How would you characterise the present debate or dialogue concerning religion and the public sphere?

First, I'm not persuaded that we live in a postsecular world. The notion of the postsecular in part seems to be an idea dreamt up by religious people who want to pretend that the people's of the West are more religious than they really are, or who want to find some justification for religion to have more influence than it merits on the basis of the number of religious people compared to the rest of us. I'm not at all impressed by Jurgen Habermas, a disappointed Marxist who spent his entire career trying to find a new fiancee since he was stood up by the working class. And he's now created a strange fiction of the notion of new radical social movements inspired by ancient religions. I just don't see an sign of this.

Second, I have trouble with the notion that we live in a post-political world. In Scotland we have just had a referendum with an 83% turn out. Membership in the Scottish National Party now stands at a remarkable 80,000. One in every five adults is a member of one political party. You have the Tory party in England being ravaged by UKIP and the serious possibility of a referendum in two years time that will take the UK out of Europe. I mean, this seems to me to be highly political and political in the old fashioned sense.
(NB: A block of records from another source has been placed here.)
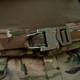 M-Tac ремінь Range Belt D-Ring Cobra Buckle Gen.IV Multicam XS/S - зображення 15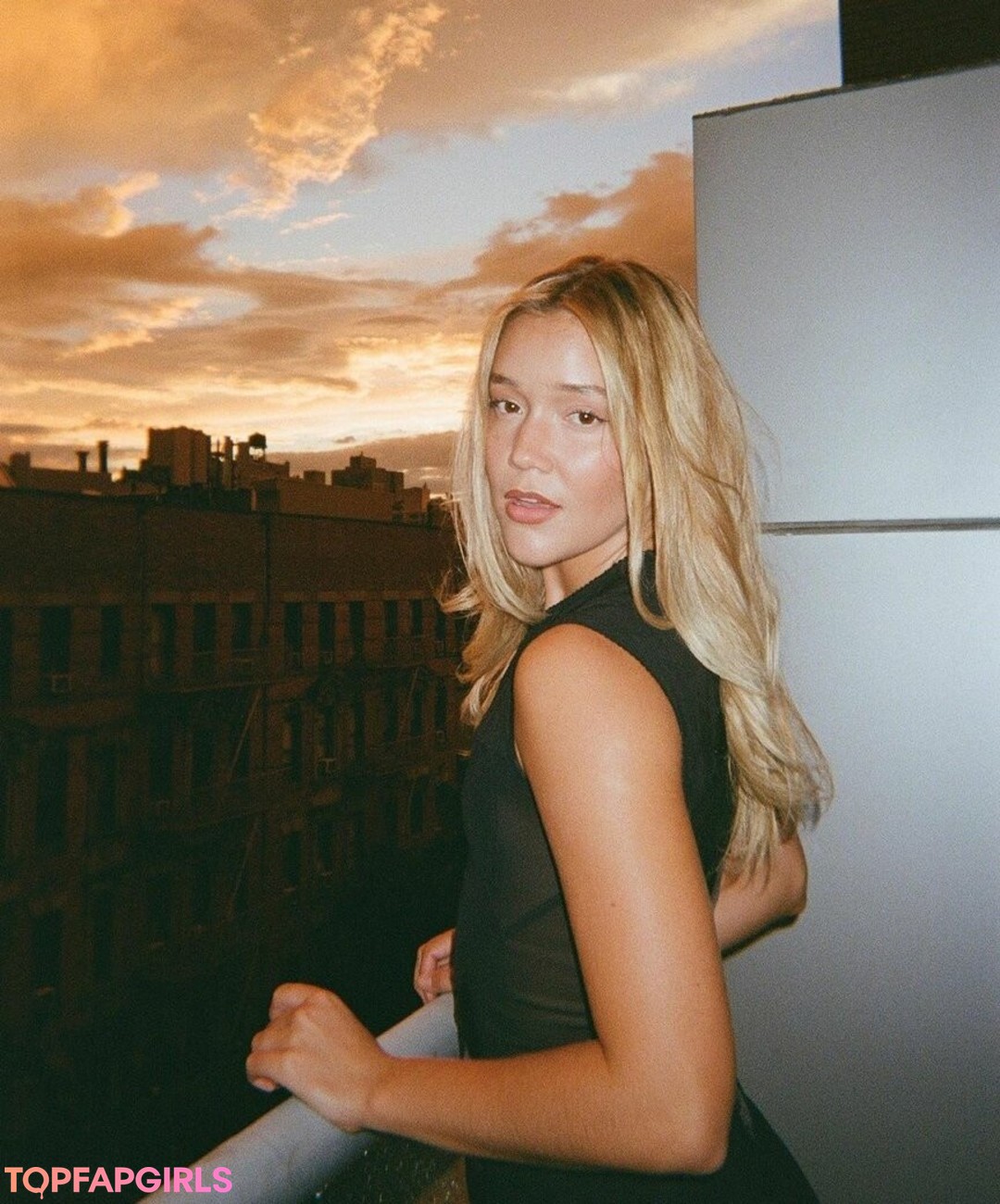 Nagie wyciekłe zdjęcie OnlyFans od Olivia Ponton #1032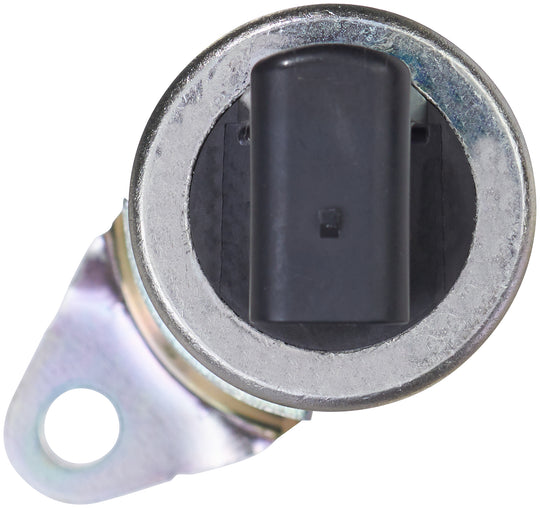 VTS1123 Spectra Premium Engine Variable Valve Timing (VVT) Solenoid Spectra Premium Canada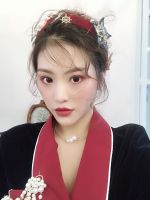 家居直播预告 | 超级315，看直播，享好礼！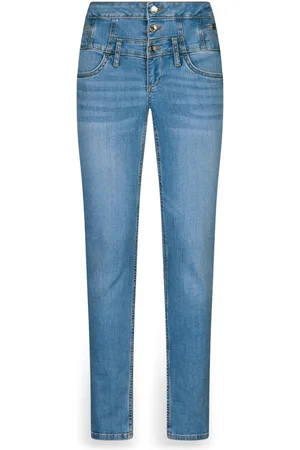 Liu Jo Jeans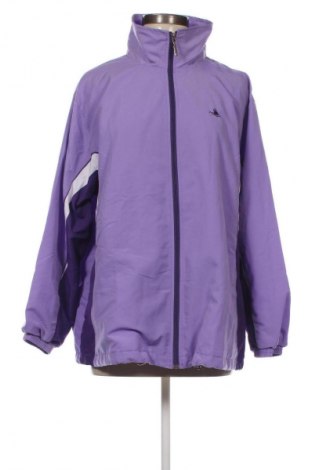Bluză trening de femei Unbranded, Mărime XL, Culoare Multicolor, Preț 127,99 Lei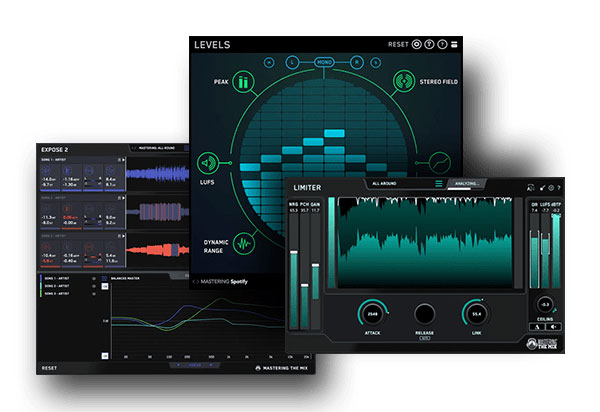 Mastering_Essentials_Bundle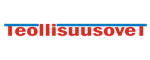 www.teollisuusovet.fi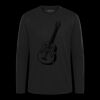 ATC™ PRO TEAM LONG SLEEVE YOUTH TEE Thumbnail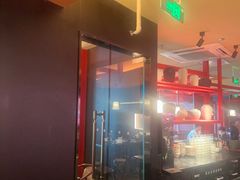 -万达广场(龙湖店)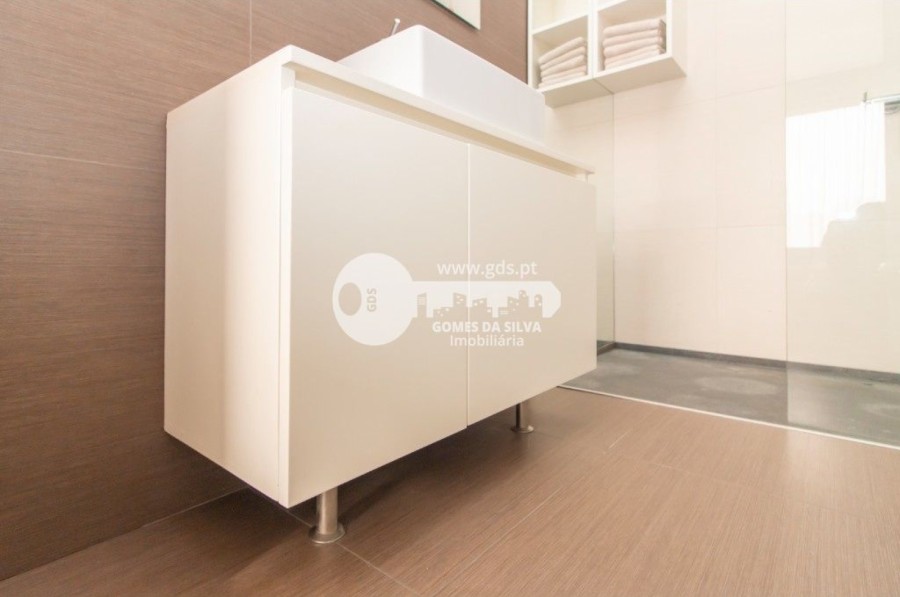 Moradia em Morreira e Trandeiras, Braga, Braga - Imagem 53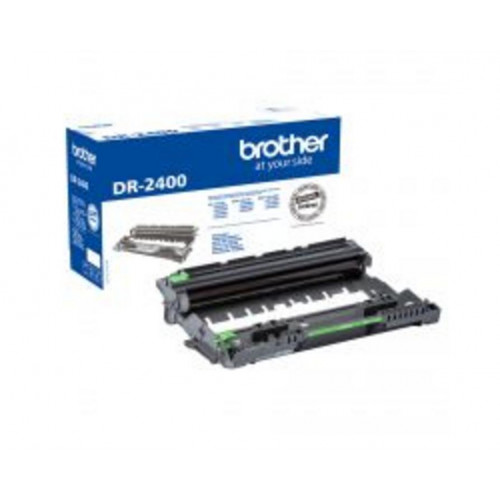 Tambor BROTHER Laser Negro 12000...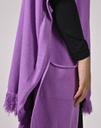 Vest | 800178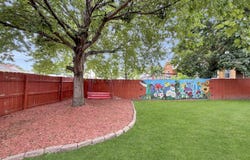 625 West Ringold Street, Freeport, IL 61032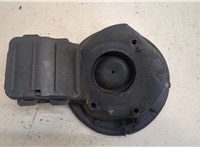  Лючок бензобака Ford Mondeo 3 2000-2007 20314670 #2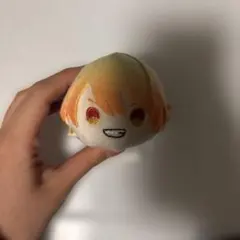 プロセカ　天馬司　ぬいぐるみ　アクスタ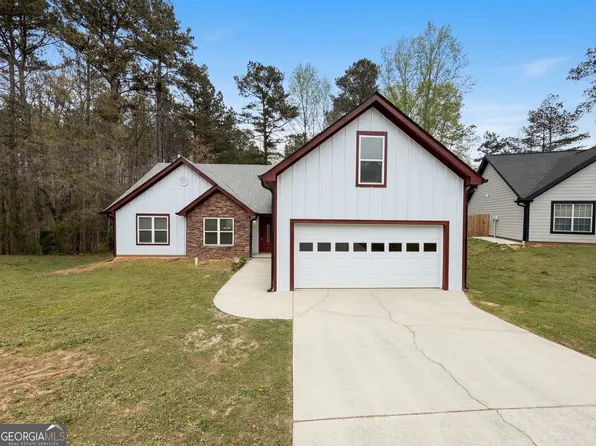 254 Shadetree Ln, Lawrenceville, GA 30044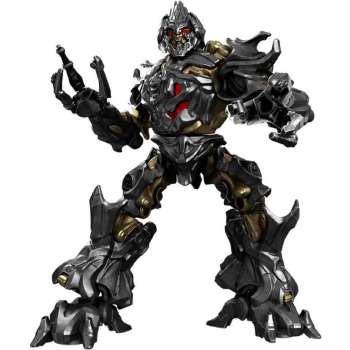 BLOKEES FIG.TRANSF.CLASS 10 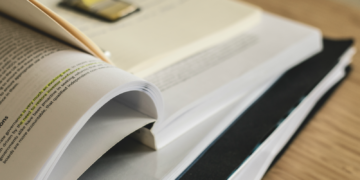 Δείτε την SFCR ενοποιημένη έκθεση της Prudential για την Κυπριακή Ασφ. Αγορά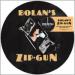 Bolan's - Zip-gun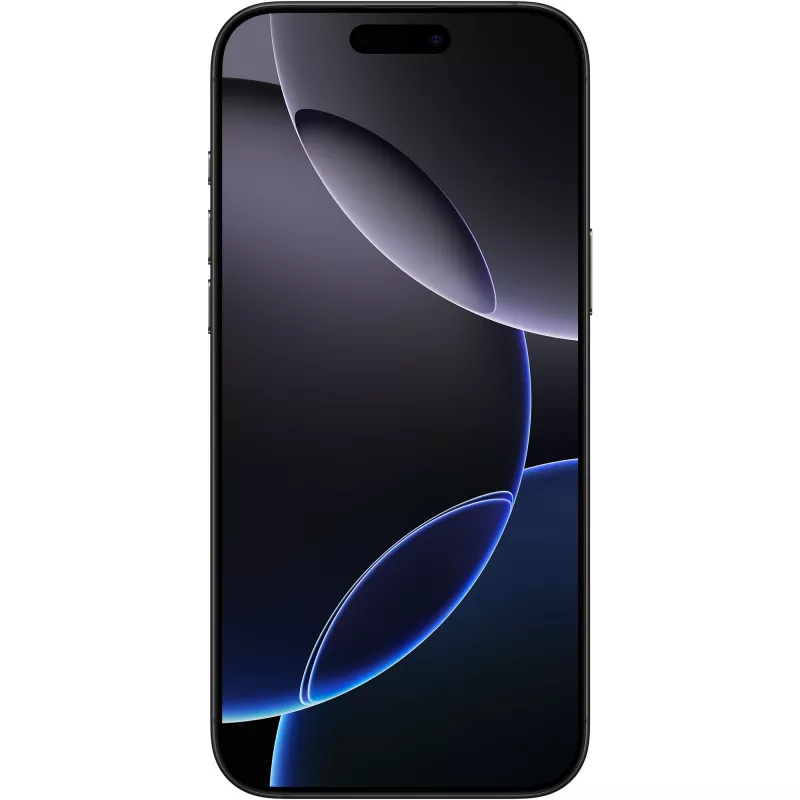 Apple iPhone 16 Pro Max 512 GB 6,9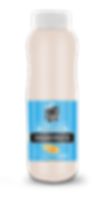 Vegan Mayo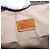 LOUIS VUITTON Borsa Sac Plat Monogram M51140 LV Auth ka2515 Monogramma - vista 10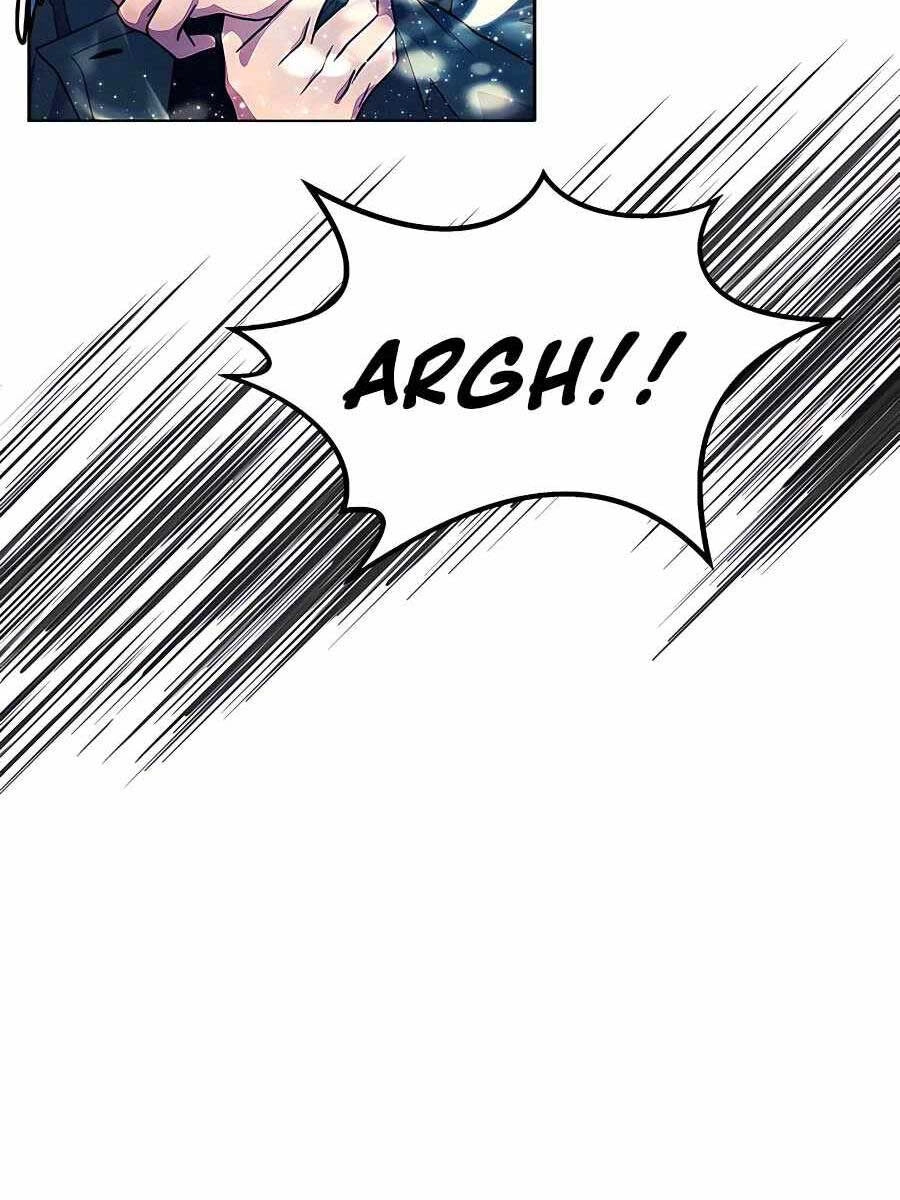 Trở Thành Nhân Viên Cho Các Vị Thần Chapter 30 - 103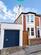 Kingston Road, Bristol, BS3
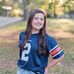 Emma Capps - Facebook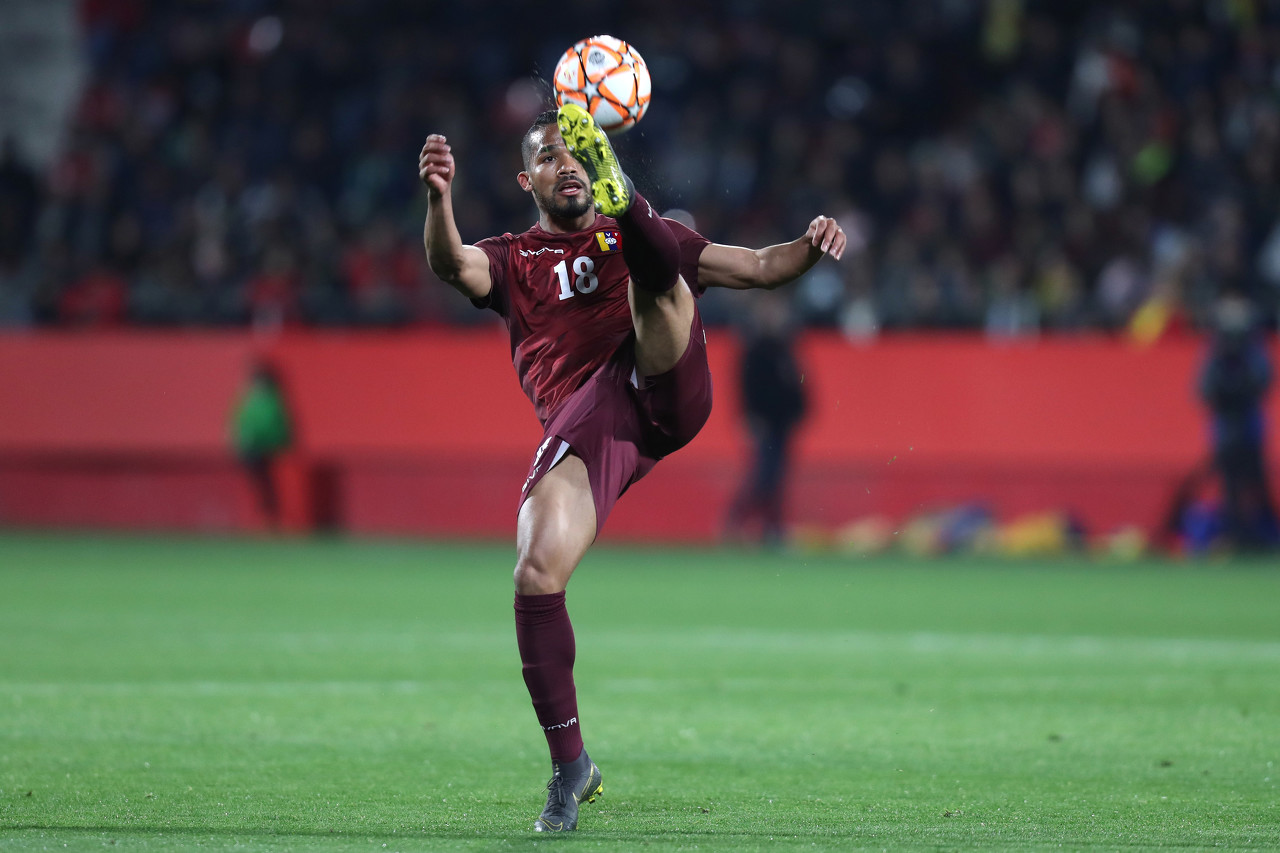 世体：马竞有意曼城中场扬格尔-埃雷拉，英超多队也对他感兴趣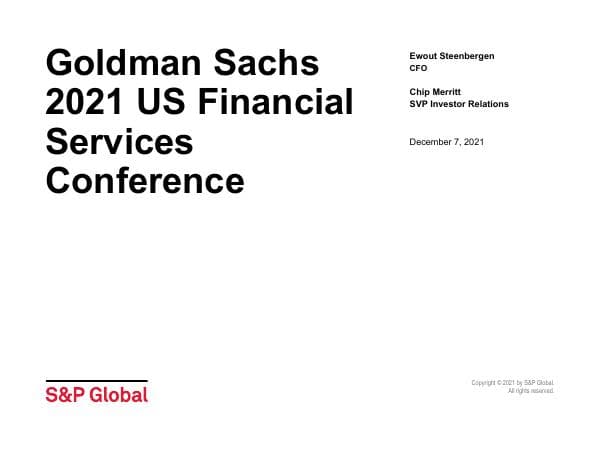 S&P Global_December_2021_589_77589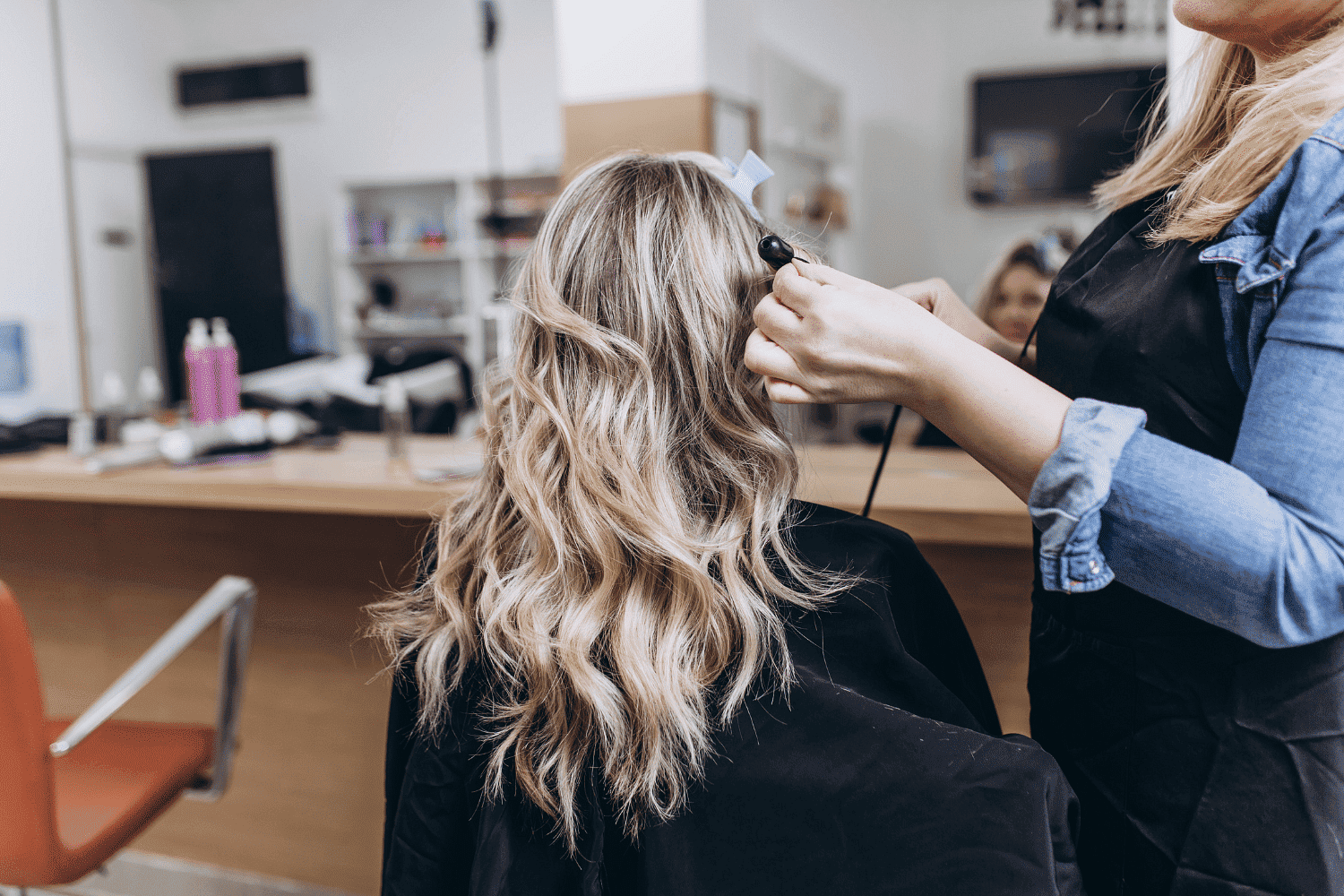 Unique Hair Boutique in Pittsburgh, PA (6)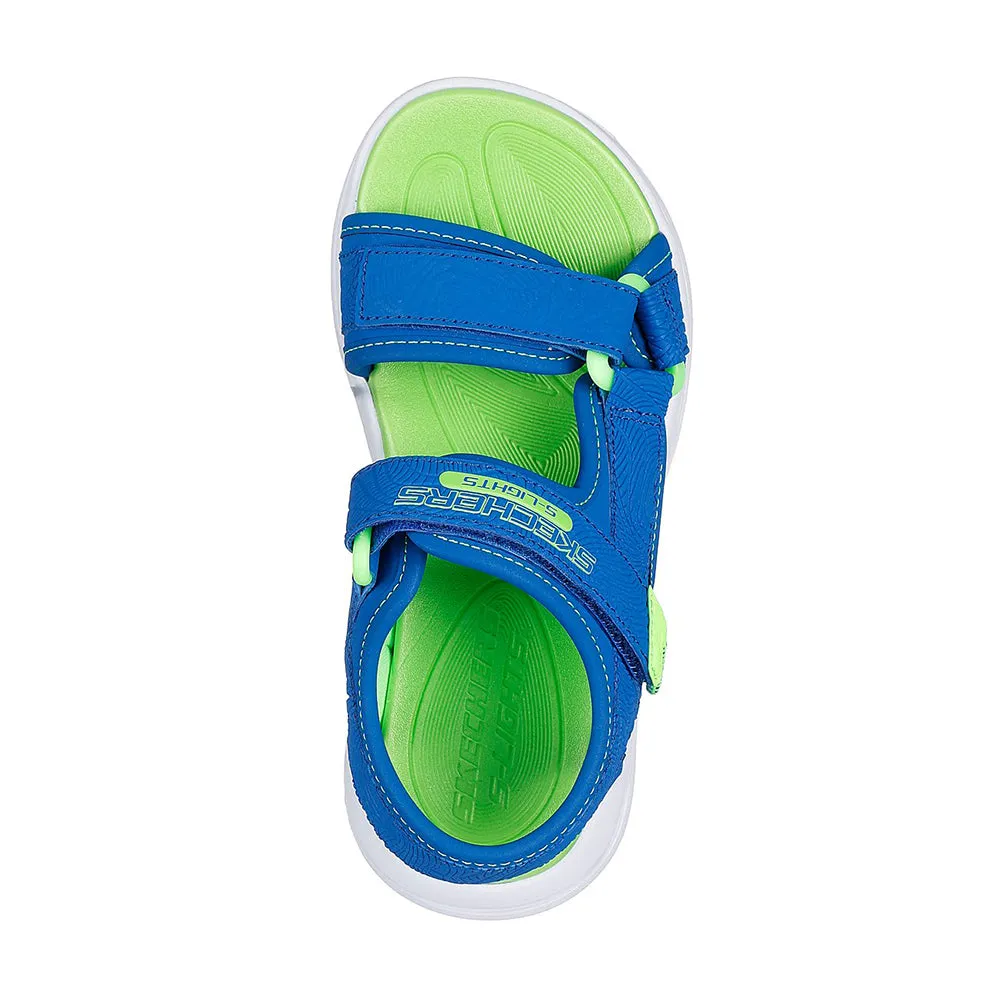 S-Lights Sola Glow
Another thing that strikes me is that the kinds of scholars who are popular these days, name checked in your research programme - Habermas, Zizek, Castells - they're not social scientists; they're all philosophers. They don't do empirical social research. Their notions can be dreamt up in a sealed room. Their world just doesn't look like my world. I certainly don't see any sign that religion is becoming increasingly influential in public policy debate. I mean I do think that religion is becoming more troublesome.

Between 1997 and 2011 we had two Christian parties that stood in elections and their performance was so poor that most people didn't even notice they existed. In London in the 2009 European Parliament elections, they managed to mobilise an anti-Muslim sentiment. They did quite well in London. Their best performance got 2.9% of the vote. Their average in the country as a whole was 1.5%. That is the lunatics and self-publicist territory. What these results repeatedly show is that there is no wish for religious leaders to have more political influence. Even church goers don't want religious leaders to have more political influence.

A lot of the debate about religion and public policy is almost designed to avoid a much simpler and more accurate designation of what's going on. Religion is in serious decline in the West. Even in the USA church attendance is now half of what it was 50 years ago. About 7% of the British population engages in active Christian worship and very few of them do anything else.

I've recently been looking at some new time diary studies which are very useful because, unlike surveys, in a diary you simply ask people to record what they're doing every ten minutes of the day. Because you're not asking them questions you don't have compliance effect; you don't have people thinking they ought to claim they're doing this or that. What the 2001 time diary study shows is that 93% of the population did not do anything lasting more than ten minutes that they would describe as religious in a typical week. So only about 7% of the population engaged in some kind of religious activity, the rest aren’t. So we're talking here about a pretty thoroughly secular society.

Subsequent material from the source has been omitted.